I published my site 6 weeks ago and it still hasn’t been indexed by google. Is this normal? How long does it usually take?
I did all of the steps mentioned by web flow like signed up for google search console, verified my site with them, submitted a sitemap and requested indexing. Not sure if I missed a step or what’s going on…
That’s not at all unusual.
Look at your GSC reports to see what’s being indexed, and whether there are any problems.
The rest is a waiting and promotion game.
Your site’s not considered relevant just because you register it with GSC, that measure of relevance also includes how long it’s been around, how long the domain is registered for, how many backlinks you have to the site and from what trusted sources, etc.
Thanks for the reply. I do not have any reports at all yet as nothing as been indexed. I am very active on multiple social media platforms and have created many back links. I figured it would take a few weeks but I’m at 6 weeks now with still nothing…
From your experience, how long does it usually take to get indexed for the first time?
Thank you for the reply but there is not a trailing backlash at the end of my canonical tag. In the screenshot attached is how it’s always been. This is correct right?

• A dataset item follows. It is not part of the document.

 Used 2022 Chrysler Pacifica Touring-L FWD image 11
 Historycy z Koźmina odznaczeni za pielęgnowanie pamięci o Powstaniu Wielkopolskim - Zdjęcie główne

@myfinancialpal at this point it’s worth you trying everything. That Bing report was helpful. Try removing the canonical all together and re-running that Bing tool, see if it helps. I doubt it will, but nothing should be ruled out at this point.
Further, from an SEO perspective, nothing stands out:
Thank you very much for this detailed response and for the work you did. I really appreciate it! I will try to remove the canonical, like you mentioned, and see if that works
It’s doubtful that Bing would be caching those requests to check, but never hurts to “hit the button” again later today
I think the canonical angle is a red herring.
Something else is going on.
If there is no solution here, @myfinancialpal I would HIGHLY suggest you reach out to SEO consultants / firms with this exact question and get an assessment.
I don’t see anything that obvious, at first glance with your setup. So a deeper dive may be needed.
And the only 302 redirects found (this tells the browser to redirect like Bing reported) are Twitter and Stripe.
Again, with the idea of not ruling anything out, remove both of those and re-run the Bing tool. Make sure some funky Javascript isn’t capturing your requests if the crawler doesn’t have Javascript enabled and redirecting (which may very well be happening).
Try removing Twitter and Stripe, first. Then go through your DNS setup thinking.
If nothing else is working, time to spend some money with a pro that can fix this quick for you.
Can’t hurt! Blow away your DNS settings with your provider (outside of Webflow) and just go through the whole process again. The painful part is the wait time for DNS to propagate, but if you do a bit of research you can fix that with low TTL times.
Good luck! Please keep me updated, you’ve captured my curiosity with this one
Yep you’re ok then, I was looking at the screenshot you sent and your home page canonical, which seems to naturally append the slash. In the screenshot you sent, try entering your URL without the trailing slash and you should not get a redirection complaint.